◆ **RECORDED INFORMATION**
BEGIN

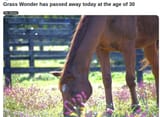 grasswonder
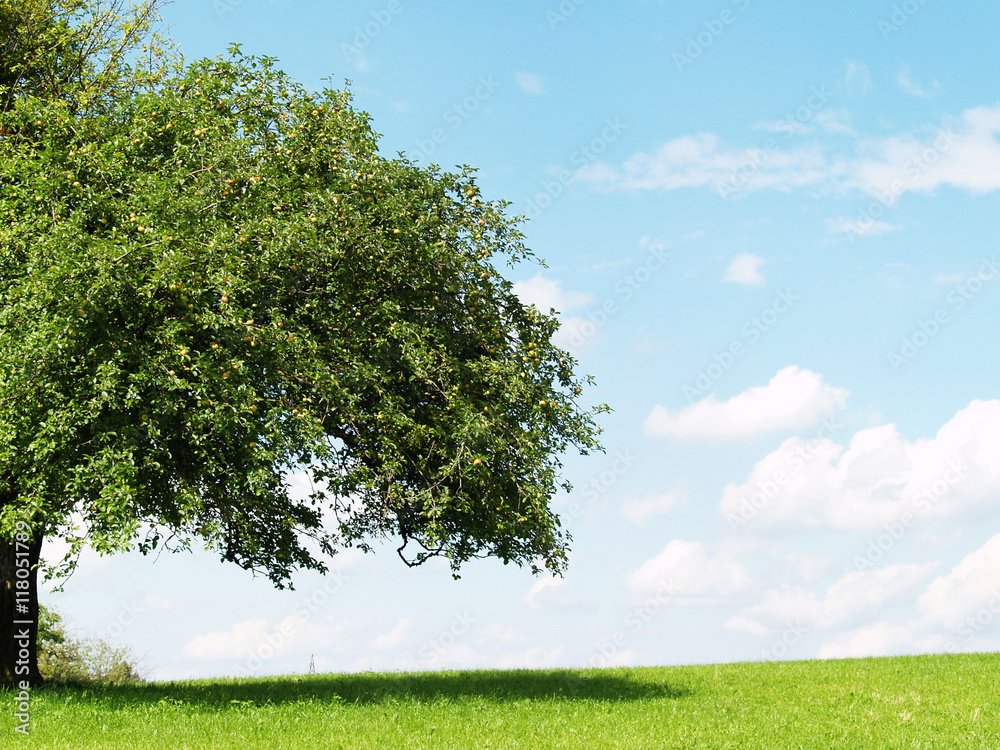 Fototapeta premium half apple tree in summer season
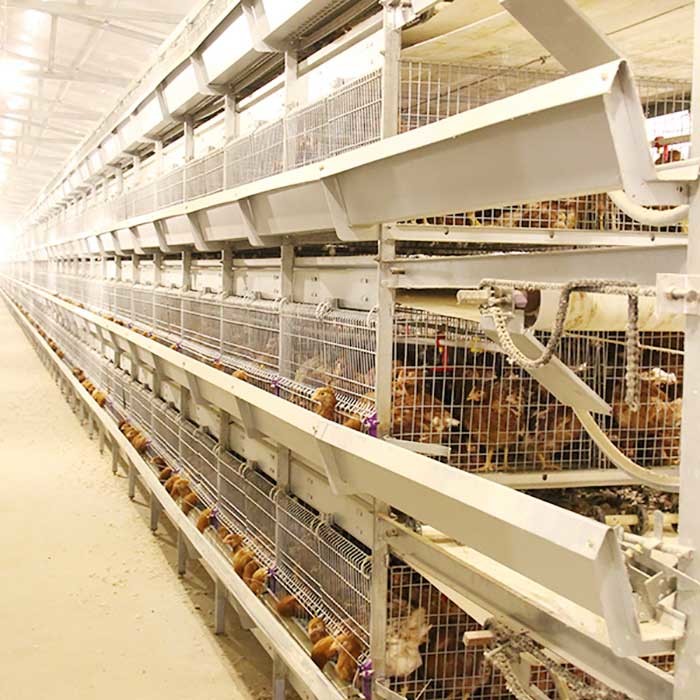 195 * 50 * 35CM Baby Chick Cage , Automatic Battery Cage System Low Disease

END

◆ **WORK ORDER**
With the pictures removed, output the listing above exactly.

◆ **EXERCISE OUTPUT**
 grasswonder
 Fototapeta premium half apple tree in summer season
 195 * 50 * 35CM Baby Chick Cage , Automatic Battery Cage System Low Disease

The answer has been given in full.